By Colleen Stinchcombe
When it comes to things that end relationships, we tend to think about the big stuff: infidelity, betrayal, blowout fights, one person being terrible. But often, the real undoing of a good relationship lies in the much smaller details, the daily habits we develop that create distance between a couple. And most likely, we’re all guilty of doing these at least some of the time.
Here are the almost unnoticeable patterns that can eat away at even the best relationships according to two relationship therapists.
We have all heard that communication is key, but that doesn’t mean we’re good at it. “Talking is the glue that holds relationships together,” Fran Walfish, Beverly Hills family and relationship psychotherapist and costar on Sex Box on We TV, tells SheKnows. While she says it’s natural that we sometimes get busy with other priorities, it’s important that we make a concerted effort to come back to communicating with our partners and set aside time to reconnect, like a weekly date night. “When couples stop talking, sex immediately follows,” she says. “You’d be surprised how many young, healthy people are living in sexless marriages.” So get to chatting.
If you find yourself keeping track of all the things your partner did or didn’t do — and all the things you did or didn’t do by comparison — you could be setting yourself up for failure. That’s because it doesn’t typically help us communicate effectively, says Kate Balestrieri, licensed psychologist and cofounder of Triune Therapy. “It really complicates our ability to be authentic and to get our needs met, which is what we’re frustrated about in the first place,” she tells SheKnows.
Imagine you’re keeping a mental tally sheet of the fact that your partner has left the dishes in the sink, their shoes on the floor and not taken out the trash, and now you’ve had to pick up the slack.

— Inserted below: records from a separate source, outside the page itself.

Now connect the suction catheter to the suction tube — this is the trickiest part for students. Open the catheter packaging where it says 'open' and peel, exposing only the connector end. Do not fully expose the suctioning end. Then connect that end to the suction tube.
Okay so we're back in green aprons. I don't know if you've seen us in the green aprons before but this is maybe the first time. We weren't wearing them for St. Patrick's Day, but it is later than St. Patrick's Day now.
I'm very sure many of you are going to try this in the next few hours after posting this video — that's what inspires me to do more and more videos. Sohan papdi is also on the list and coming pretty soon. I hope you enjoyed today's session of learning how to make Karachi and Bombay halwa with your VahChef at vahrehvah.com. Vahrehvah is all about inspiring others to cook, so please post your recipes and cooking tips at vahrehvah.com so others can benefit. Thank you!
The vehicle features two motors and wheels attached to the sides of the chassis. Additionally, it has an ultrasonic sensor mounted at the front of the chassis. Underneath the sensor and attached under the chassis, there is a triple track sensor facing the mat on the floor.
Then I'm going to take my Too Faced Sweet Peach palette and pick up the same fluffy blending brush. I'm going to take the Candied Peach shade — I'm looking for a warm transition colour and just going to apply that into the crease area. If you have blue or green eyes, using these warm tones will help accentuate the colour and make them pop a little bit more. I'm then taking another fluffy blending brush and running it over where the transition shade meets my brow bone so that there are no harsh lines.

If you’re keeping a tally, the next time your partner requests something of you, you’re more likely to think (or say!): “You don’t do anything around here anymore! I have to take care of everything!” That puts you both on the defensive, and it’s hard to communicate what’s underneath that — which is that you’re feeling overwhelmed — and hard to hear what’s going on with your partner, which may be something they’ve been bottling up and haven’t felt comfortable sharing.

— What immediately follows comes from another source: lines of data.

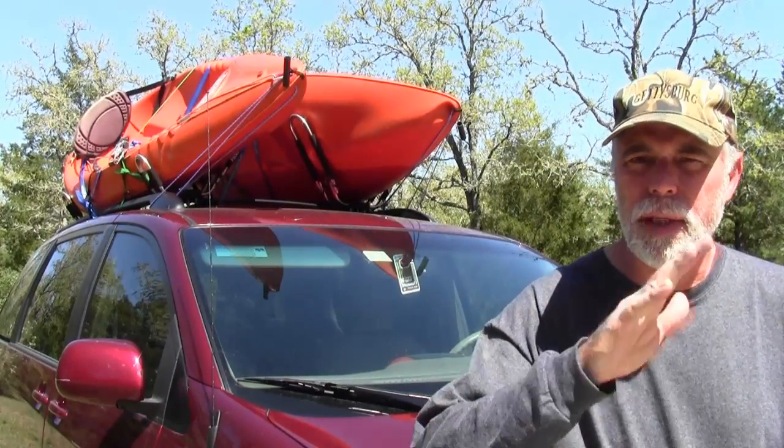I recently got a couple of kayak racks for the van. I wanted something that would fold down so that I could still park in the garage without having to take the racks on and off every time I went to the lake.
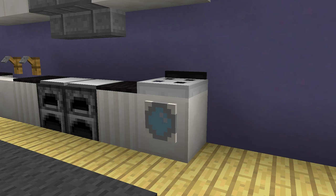Hey guys and welcome back to another how-to tutorial. Today I'm going to be showing you how you can make this really cool washing machine. So guys stay tuned and I'm going to show you how you can make it.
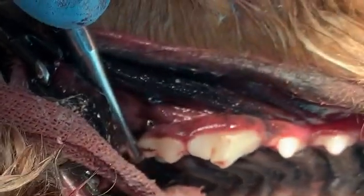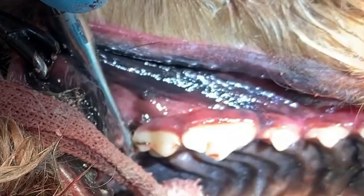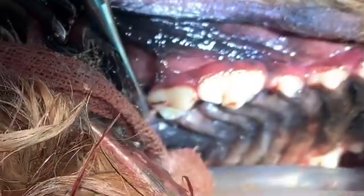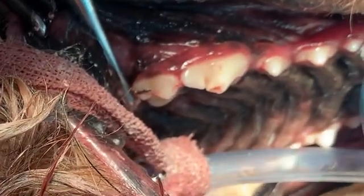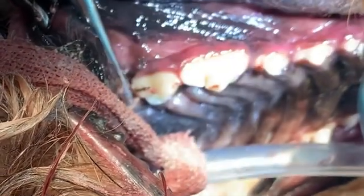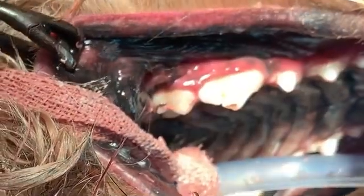We're going to kind of wedge it in between those two teeth. Once we have it in there, we're going to twist and just apply some steady pressure. Apparently the patient is getting a little bit light, so we'll give him a break here.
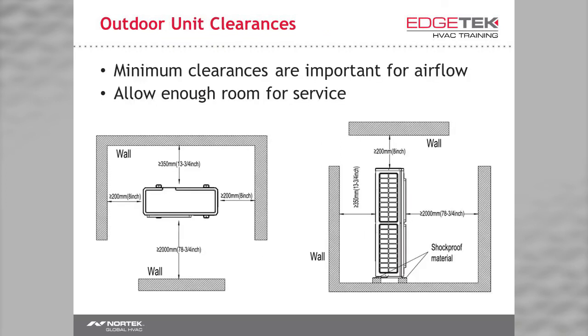You only need eight inches of clearance on the sides, thirteen and three quarter inches on the back, and a bit over six feet in front. Again, these are minimums — give yourself enough room to service. You may not be able to reach around and wash the coil if you only have a few inches. Last but not least, you also need eight inches on the top.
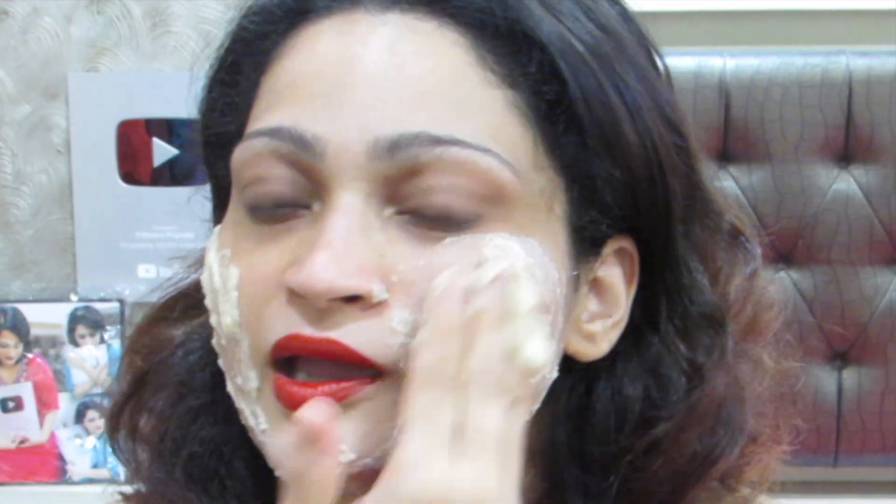On my skin right now, I haven't even washed it, so you can see the results clearly. This pack is very good — why? Because the ingredients are very good for our skin. It helps with tan and pigmentation, makes the skin lighter, and reduces marks. The consistency is very mild, so you can use it for every skin type.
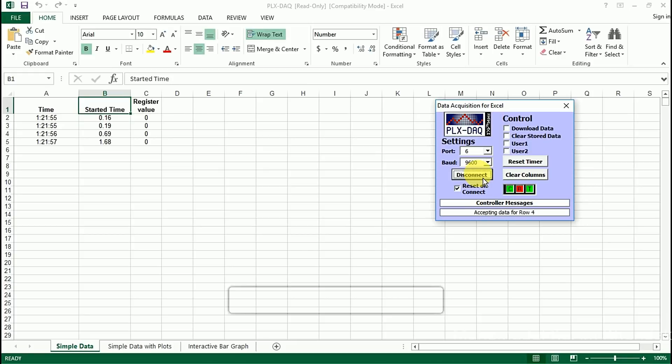Click connect and it will start collecting the data. That's all.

That doesn’t mean you don’t tell your partner about the dishes. “I think it’s appropriate to say, it would really mean a lot to me if you would do XYZ like you said you would, and when you don’t, I feel disappointed,” Balestrieri says. “But that’s really different than using a tally sheet and using it as a way to get power or express feeling disempowered indirectly.”
Saying yes when you mean no
This is a bad habit that almost all of us are guilty of from time to time. “Yes, I’ll stop by the grocery store” (even though I’m going to be working late and have no idea how I’m going to juggle that responsibility). “Yes, honey, I’ll go to your work event” (even though I’m feeling completely exhausted this week and desperately need time to myself). And then we either fail to do what we’ve been asked — forgetting, procrastinating or canceling altogether — and we disappoint our partner or we get resentful for taking on a task we didn’t have space to deal with.
But what’s so bad about these tiny white lies? “[It] creates a context of instability, and your partner feeling like you’re unreliable and like their needs are not important,” Balestrieri says. If you’re saying yes to things even though your partner knows you’re miserable or you’re failing to accomplish what you’ve said you would, your partner slowly stops knowing when they can trust your word.
“I always tell my patients, ‘A hell no is the same as saying a hell yes to somebody,’ because if you can definitively say no to your partner, then your yes is very valuable,” she says.
Yep, it goes back to the airplane mask analogy: You need to secure your own oxygen mask before helping others. “When we feel depleted, we can’t show up for ourselves let alone our partners,” Balestrieri says. “And that can create a lot of distance and disconnection.”
So if you’re not taking time for yourself, don’t be surprised if you’re struggling to connect with your partner. Carve out some me time to replenish your own sense of self, and you might be more willing to connect with others.
Getting lost in technology
Who here is guilty of occasionally trying to listen to their partner talk about their day… while answering a few texts you hadn’t gotten to or scrolling through a social media? Or having the TV on while our partner is talking? Unfortunately, this super-small habit has really heart-wrenching side effects. “If we’ve got one ear with them and one ear on our technology… then we’re not really being present fully, and that creates an intrusive sense of loneliness and can feel very abandoning to partners,” Balestrieri explains.
So leave the multitasking at work and notice when you’re reaching for a distraction when your partner is speaking with you, then mindfully reset your focus to the conversation.